(Short text fragments from websites)
- - - - - - -

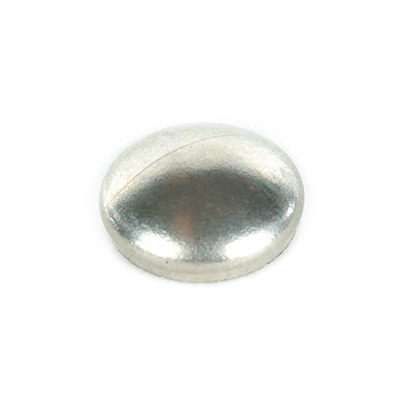 2.5mm轴（D=7.5mm；H=2.7mm）锁紧弹簧（3.4mm）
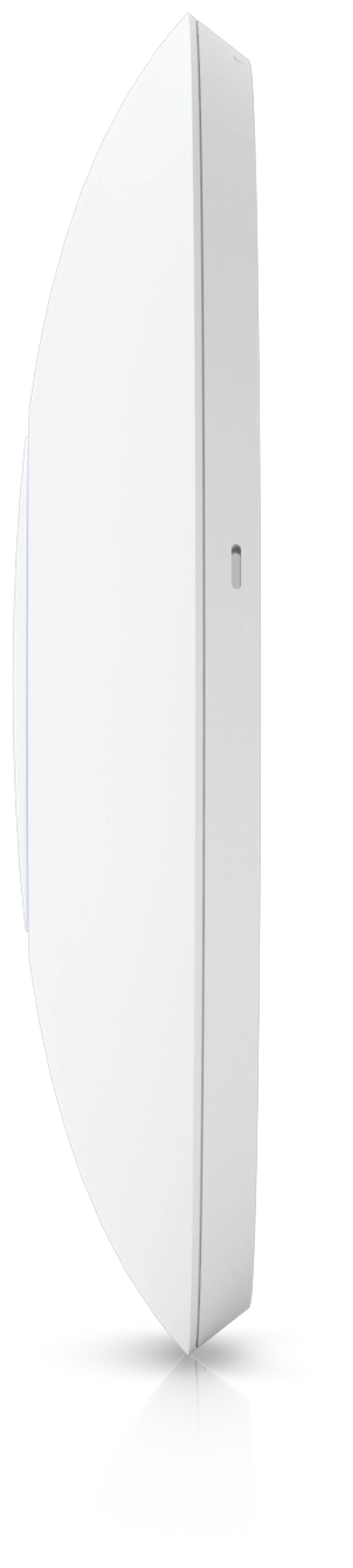 Ubiquiti sisäkäytön WiFi 6 -tukiasema 300+ asiakaslaitteen tuella U6-PRO - 3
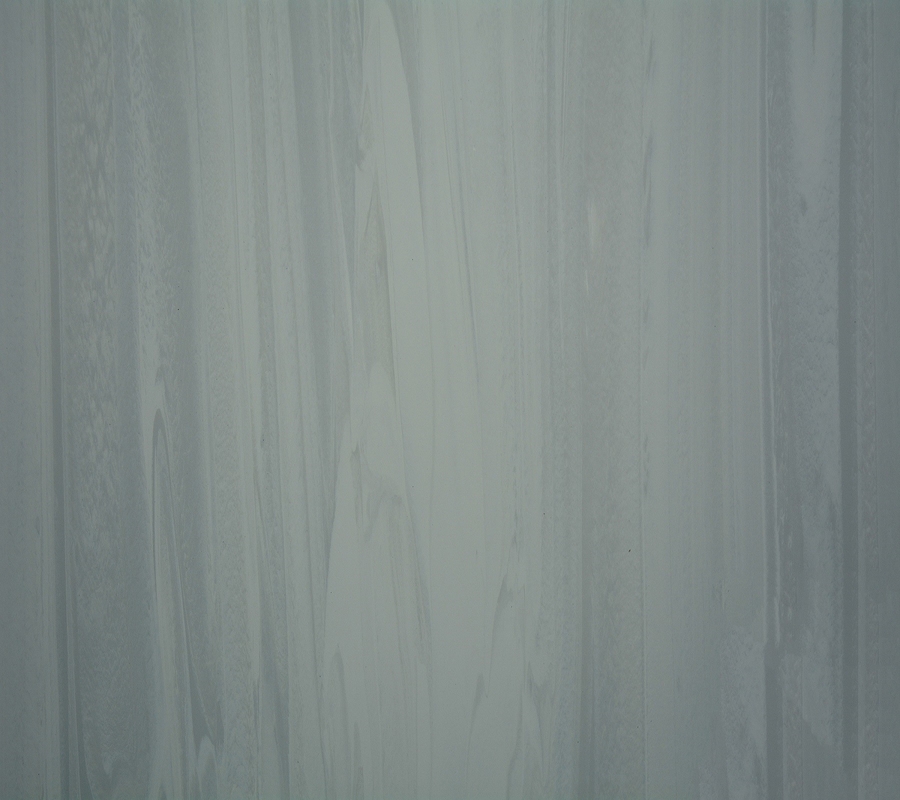 Non - Directional Industrial PVC Flooring , 3mm Thick Patterned Vinyl Flooring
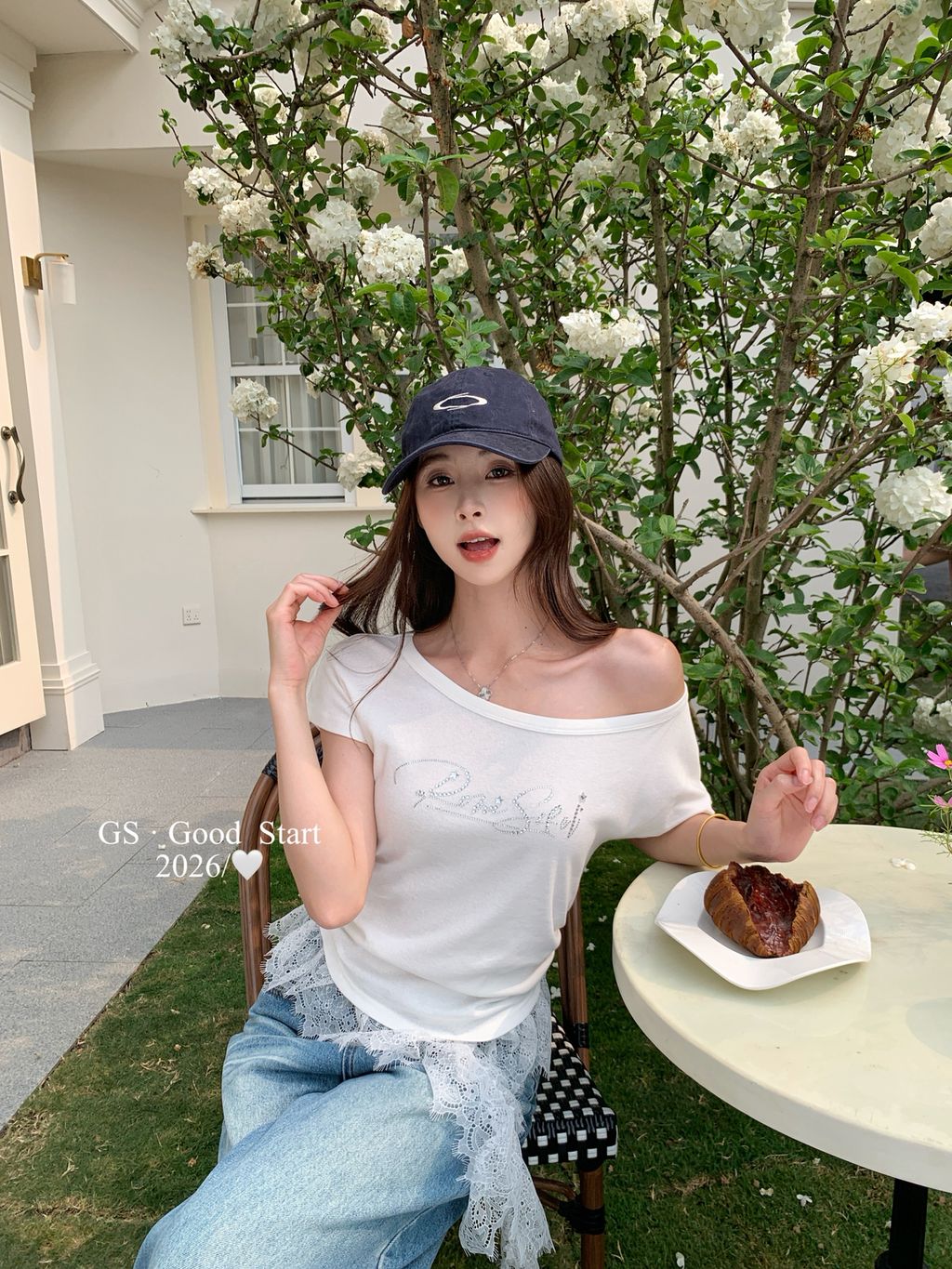 1033b5222d244788fd7cb758650107eb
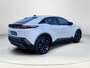 Toyota C-HR / C-HR+ First Edition 77 kWh | Platinum pearl white | 20 inch LM-velgen | Nieuw uit voorraad leverbaar |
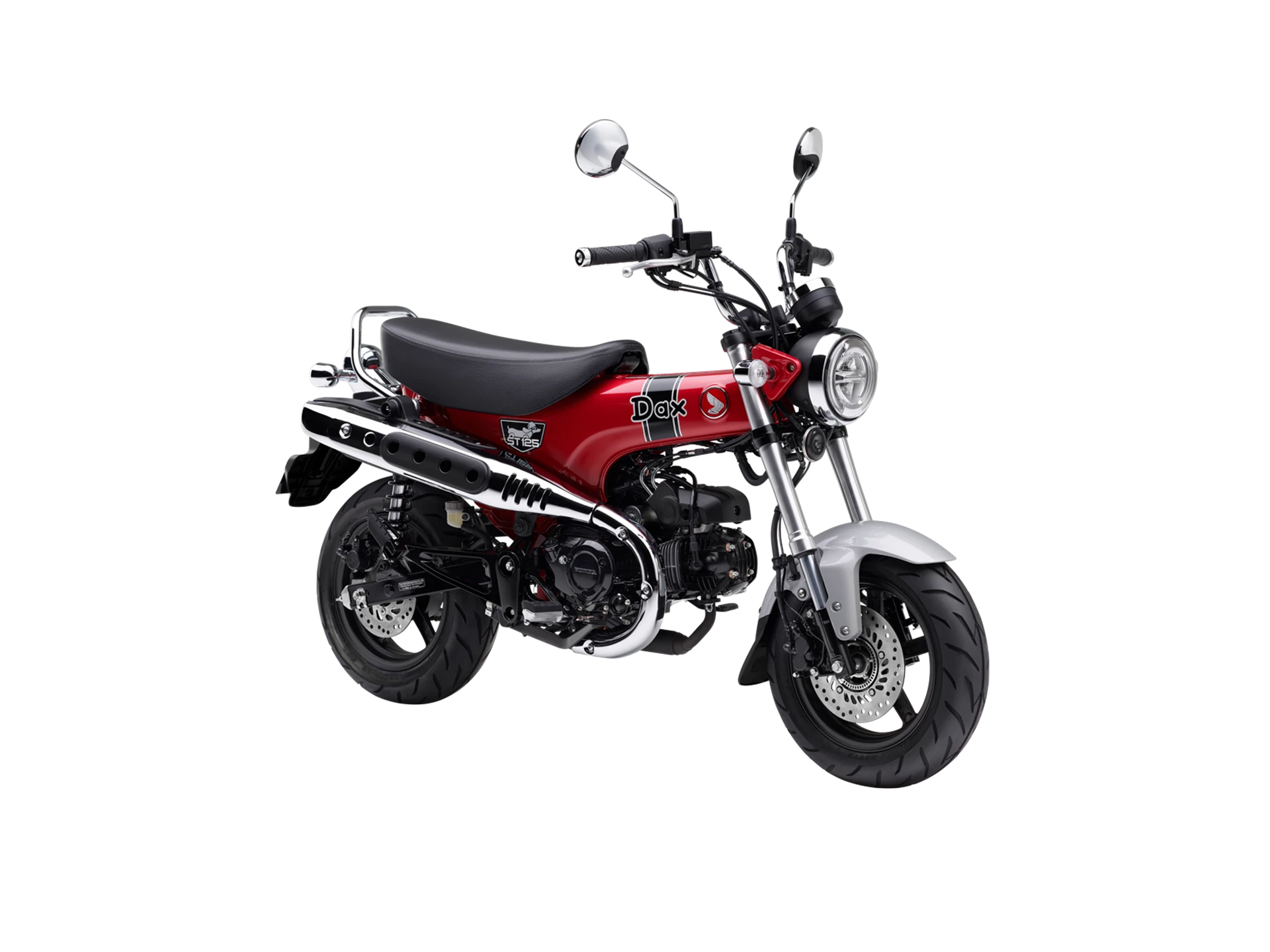 24YM DAX125 Studio R376P PEARL NEBULA RED RFQ (2)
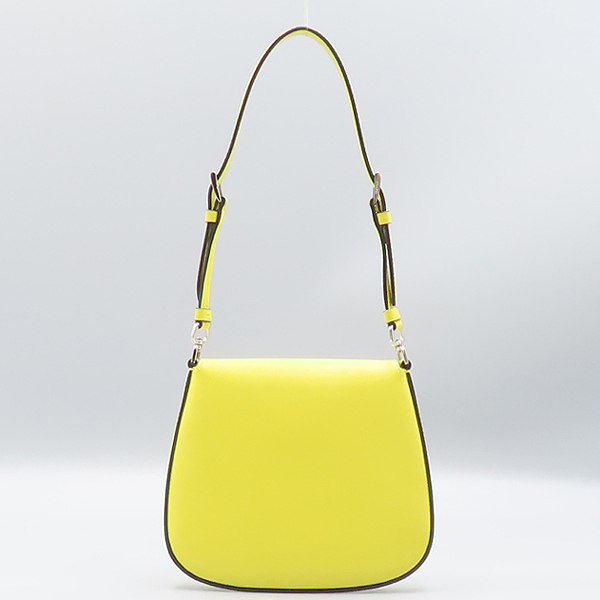 Prada(�����) 1BH188 ���ο� Ŭ���� �귯�õ� ���� �̴Ϲ� + ��Ʈ�� [��ź�Ե���] �̹���4 - ���̺��� �߰���ǰ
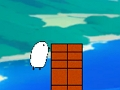 Játék Állatkert Légy  online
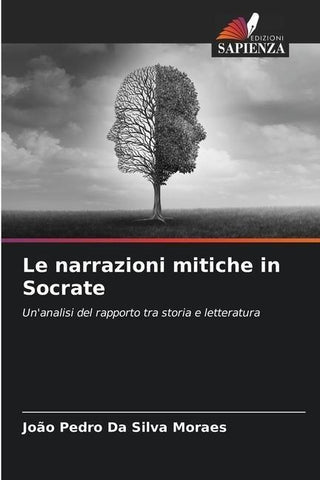Le narrazioni mitiche in Socrate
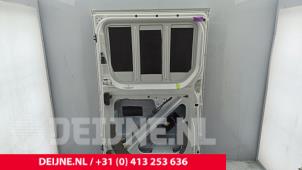 Mercedes Sprinter Schuifdeur rechts O271313 foto 3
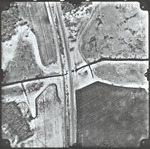 JTF-140 by Mark Hurd Aerial Surveys, Inc. Minneapolis, Minnesota
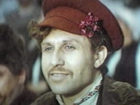   - "- " (1974)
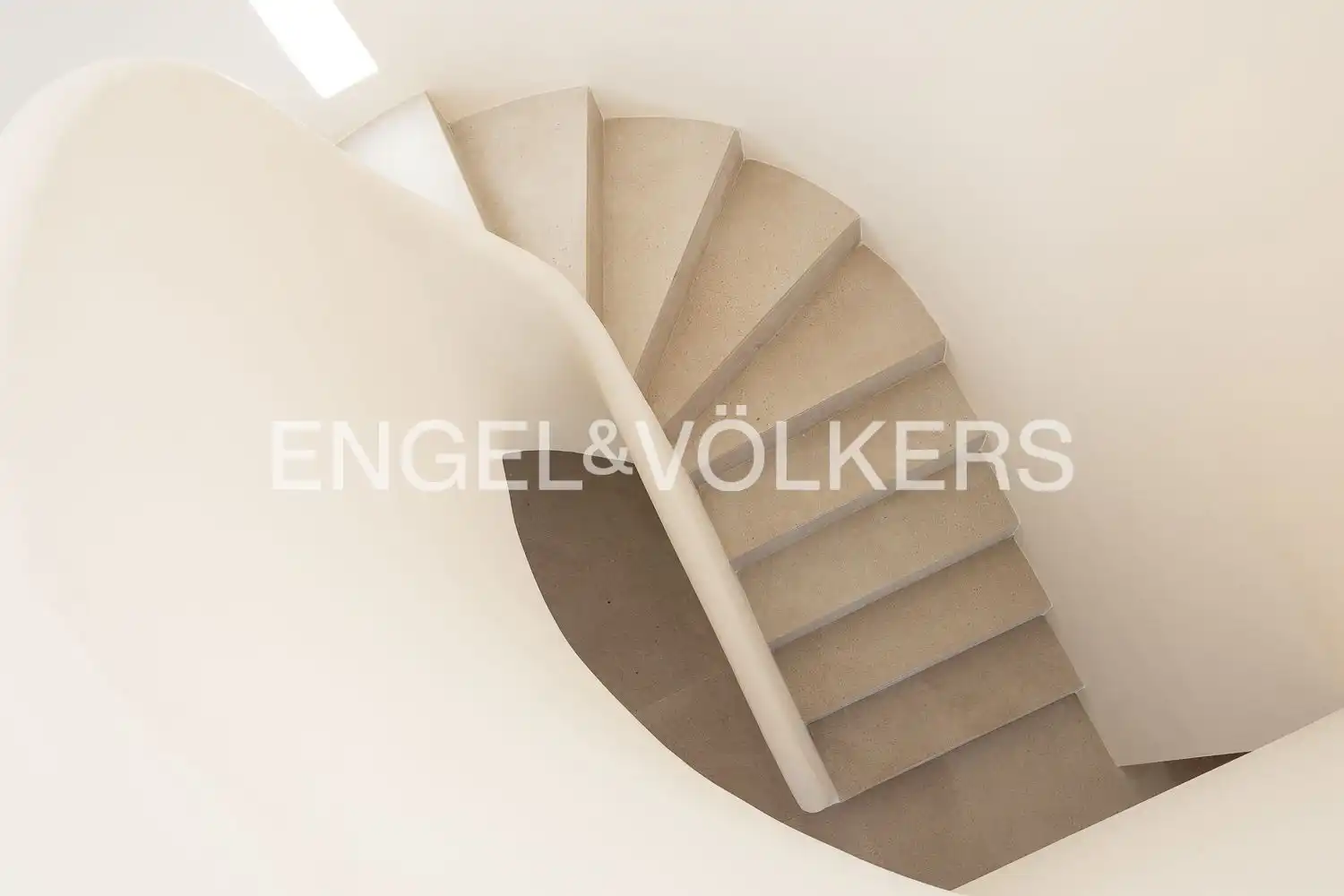 House with pool for sale in Alfinach - Los Monasterios, imagen 21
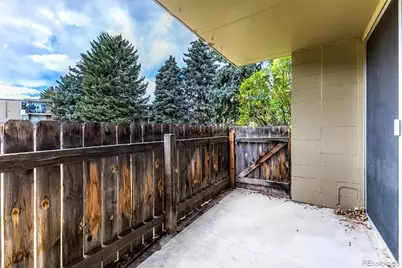 2281 S Vaughn Way #118A, Aurora, CO 80014 - Photo 15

- - - - - - -

**Work task:** Return only the lines from the line containing "Le narrazioni mitiche in Socrate" through the last line of the records above, both ends included, exactly as written, leaving pictures out.

**Task answer:**
Le narrazioni mitiche in Socrate
 Mercedes Sprinter Schuifdeur rechts O271313 foto 3
 JTF-140 by Mark Hurd Aerial Surveys, Inc. Minneapolis, Minnesota
   - "- " (1974)
 House with pool for sale in Alfinach - Los Monasterios, imagen 21
 2281 S Vaughn Way #118A, Aurora, CO 80014 - Photo 15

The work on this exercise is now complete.